Hace cuatro años, instalaron experimentalmente robots asistentes con forma de búho y aspecto infantil en 20 hogares en los que al menos un miembro de la familia estaba en edad preescolar. La labor del robot (llamado Luka) era muy sencilla: escanear páginas de libros infantiles y leerlos en voz alta para ayudar a los más pequeños a aprender a leer.
El experimento comenzó en 2021. Cuatro años después, los investigadores han vuelto a los hogares a estudiar los efectos de la presencia de la máquina. Se suponía que una vez los más pequeños del hogar hubieran aprendido a leer la presencia del aparato carecería de sentido. En todas las familias, los niños y niñas habían crecido con normalidad y tenían plenas facultades lectoras pero en 18 de las 20 casas el robot seguía funcionando. En la mayoría de los casos, los usuarios seguían cargando sus baterías diariamente, lo conectaban con frecuencia o simplemente lo tenían encendido en el salón o la habitación infantil para escuchar su voz y sentir sus movimientos aunque la tarea para la que había sido «contratado» ya carecía de sentido. Sencillamente, había pasado a formar parte de la familia y no solo como un mero mueble.

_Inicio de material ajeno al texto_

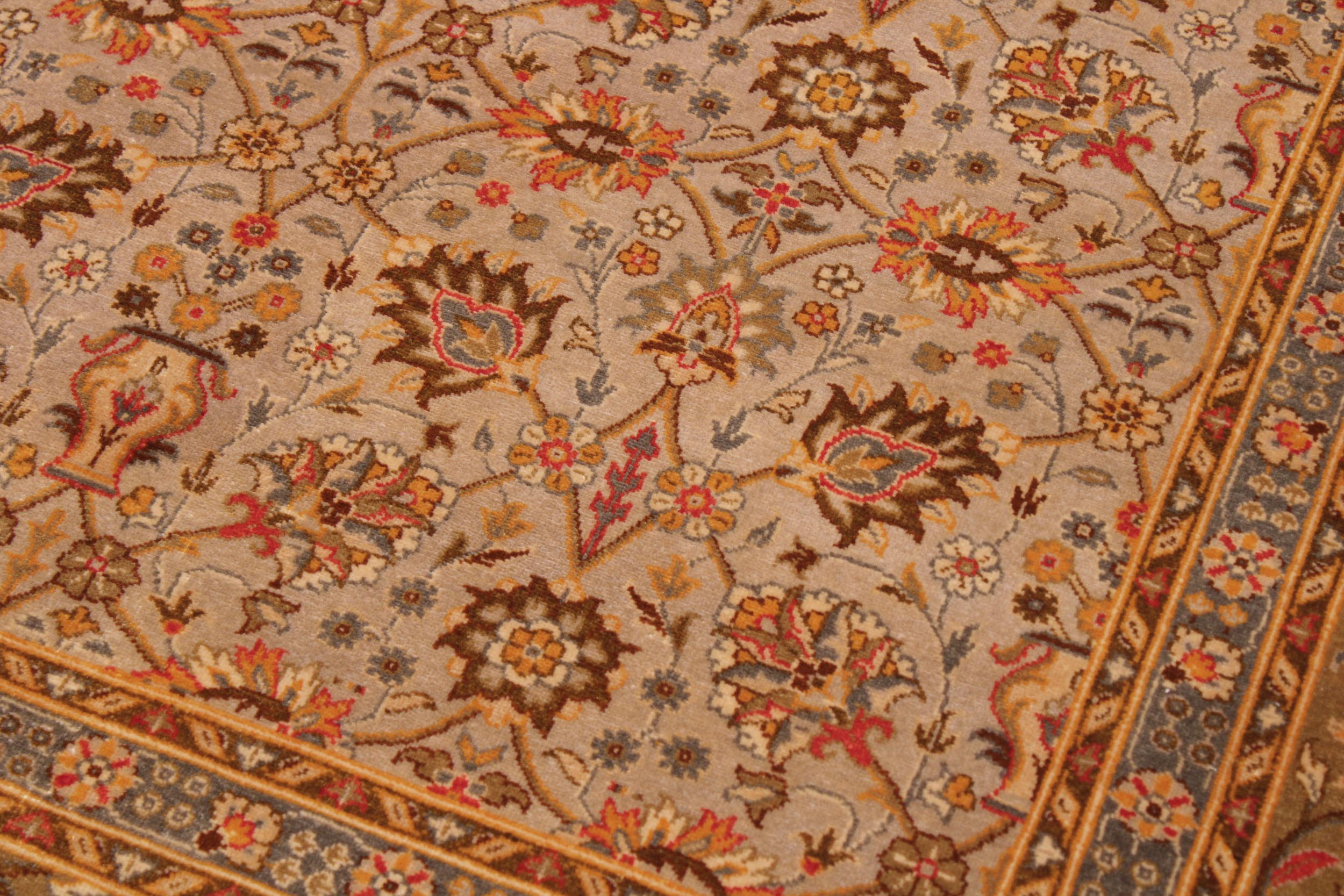 handmade Transitional  Lt. Gray Lt. Green Hand Knotted RECTANGLE 100% WOOL area rug 9' x 12'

«El hallazgo pasa de ser algo enternecedor a algo más profundo. Nos dice mucho sobre el modo en el que los humanos nos estamos relacionando con la tecnología: los robots dejan de considerarse objetos que vienen y van y se convierten en acompañantes cuyo sentido en la casa va cambiando con el paso del tiempo», asegura Zhao.
En la investigación, los padres e hijos de las familias estudiadas describieron su relación con Luka usando palabras emocionales y humanas. Uno de los niños llegó a describir a la máquina como «mi hermano pequeño». Obviamente, la función del aparato (enseñar a leer a los infantes) había desaparecido, pero su rol emocional se había fortalecido. Las familias habían creado nuevas formas de relacionarse con él. Y no lo usaban para leer, pero le hablaban, bromeaban sobre él, se preocupaban de cuidarle y limpiarle, en algunos casos se lo llevaban de vacaciones y en una ocasión lo legaron a un primo más pequeño.
Puede que estemos ante una de las investigaciones más relevantes sobre el modo en el que los humanos empezamos a relacionarnos con las máquinas. Demuestra que incluso los robots más sencillos pueden pasar a formar parte del universo simbólico de la familia con rapidez. Es lo que los expertos llaman «paso de la función a la memoria». Del mismo modo que los animales domésticos originalmente dotados de una utilidad (alimentación, seguridad, pastoreo, etc.) se convirtieron en parte emocional de las familias humanas, a estas máquinas se les termina dotando de valores que están por encima de su mera funcionalidad. Incluso el lugar de la casa donde se colocan termina teniendo un significado.
Las implicaciones de este hallazgo son inmensas. En primer lugar, establece un escenario diferente a la hora de valorar qué se hace con esos aparatos cuando dejan de ser útiles. El abandono de un robot puede llegar a ser un trauma de difícil gestión dentro de una familia. En segundo lugar, obliga a pensar en la esperanza de vida no solo en términos de utilidad. La presencia de una máquina va más allá de sus capacidades. En cierto modo, un robot «jubilado» puede seguir siendo un objeto de deseo en el hogar. Casi como ocurre con las mascotas, antes de decidir meter una en casa, ¿será necesario que todos los miembros de la familia entiendan que se está asumiendo un compromiso a largo plazo?